I'm not sure what's gotten in to me lately, but I've started feeling a little anxious, a little stuck, a claustrophobic.  I'm a dreamer at heart ... people might be surprised at that.  I'm structured and organized, educated and opinionated ... but a dreamer.

Every now and then, I start to panic over the visions I have in my head.  There's never enough time to do it all ... and am I the only woman who feels the clock ticking?  I feel like I have an expiration date on my relevancy ... 

Maybe it all started with my birthday a couple of weeks ago.

Whatever the case, I know that I know that I know that I am where I am supposed to be.  Being a mom is never "JUST" being a mom.  Being a wife, is a also not a "just" kind of a thing.  Daughter, friend, la la la ... same thing.  I know that I'm not "just" anything, and yet sometimes - I feel like there is so much more.

And this whole photography thing has really met a deep need for me to be creative, to interact with others, to feel like I contribute financially in the home - as small as it is.  But I get frustrated with myself because no one thing satisfies the "itch" I have to learn, to grow, to have something new to show for my life.

I have two very big dreams.  Well.  More than that.  But two that linger over me every day ... 

One, is worship.  And I am so freakin' thankful that our home church allows me the privilege of being involved with beautiful people and anointed music.  When I'm involved, the world stops for me.  In that moment, I am doing exactly what I was created for.  And honestly - sometimes I'm sad that it only happens for a few moments each month.  

The second, is a book that I know I'm supposed to create for moms who have lost children.  It's a huge dream - and it's there every single day ... tapping me on the shoulder, asking when I'm going to start doing it.

So.  I'm a dreamer ... and there's never enough time to do all that I want to.  I want to bake organic bread with my kids, have an hour to work out, edit photos, write songs, brainstorm about the book, meet with a friend for some God inspired conversation, walk to the park with my little fam and hear about school and laugh about their stories ... 

I want it all.  Every day.  All the time.

See the problem?

There's never enough time to do it all ... never enough moments to accomplish everything.  And again - the ticking clock of "how long will I be relevant for" ... and I want to kick the enemy in his teeth for pestering me with lies ...  for telling me that I've missed the boat on some opportunities, that the things that I can do are not important, that only others can be used, can impact, can count.

And I don't want to believe that I can't do all that is in my heart ... why can't I?

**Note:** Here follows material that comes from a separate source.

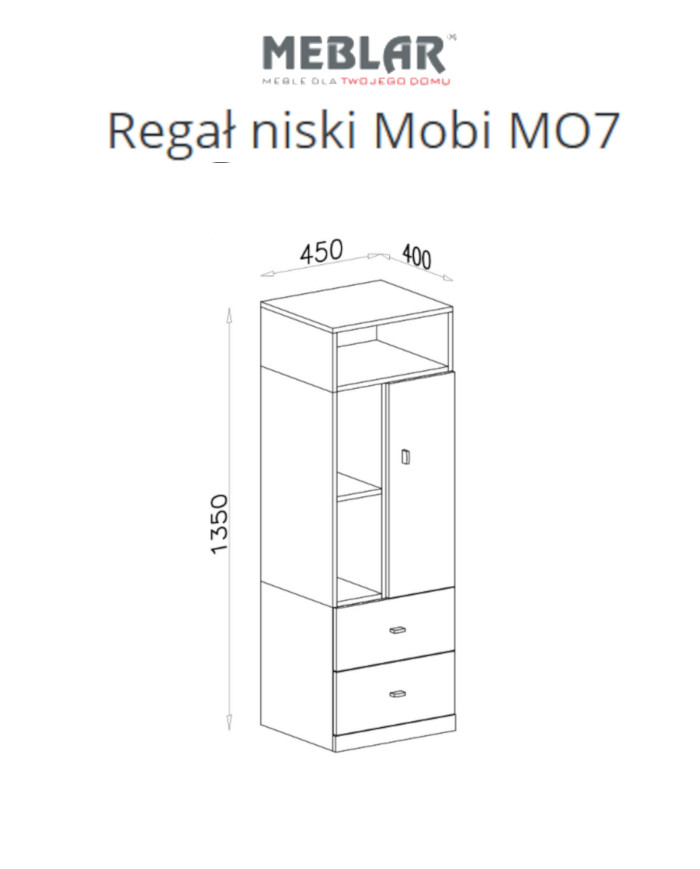 Regał niski Mobi MO7 z drzwiami, szufladami i półkami, Biały lux/ Turkus, MEBLAR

I guess it comes down to me loving this thing called life.  And I hope that God will allow me to live long and hard ... because I want to do it all.

3 comments:

Canadian Kristin said...

Agreed.

Lisa said...

Welcome to motherhood - especially of 3. Im so thankful that Ron has allowed me to persue my business, and yet there is so much more of my business I want to explore. And yet there is so much more of being a wife, mother, and homemaker that i want to conquer as well. Although when I have attempted some of the things I dream about they are not as gratifying as I thought they would be. Right at this moment I can tell you that there is no other place I want to be than to watch my kids here in hawaii.... if thats all i do is just watch them - its been been a good trip!

Lisa B. said...

I think everything inside of you is a testimony to the amazing power of our God. Recently I have been reminded of all the special things being a woman means...so many beautiful facets to who we are, each with its own time, purpose and function.
Its encouraging and inspiring to hear and see your dreams and visions...keep going & keep shining, you've so much to give to the world!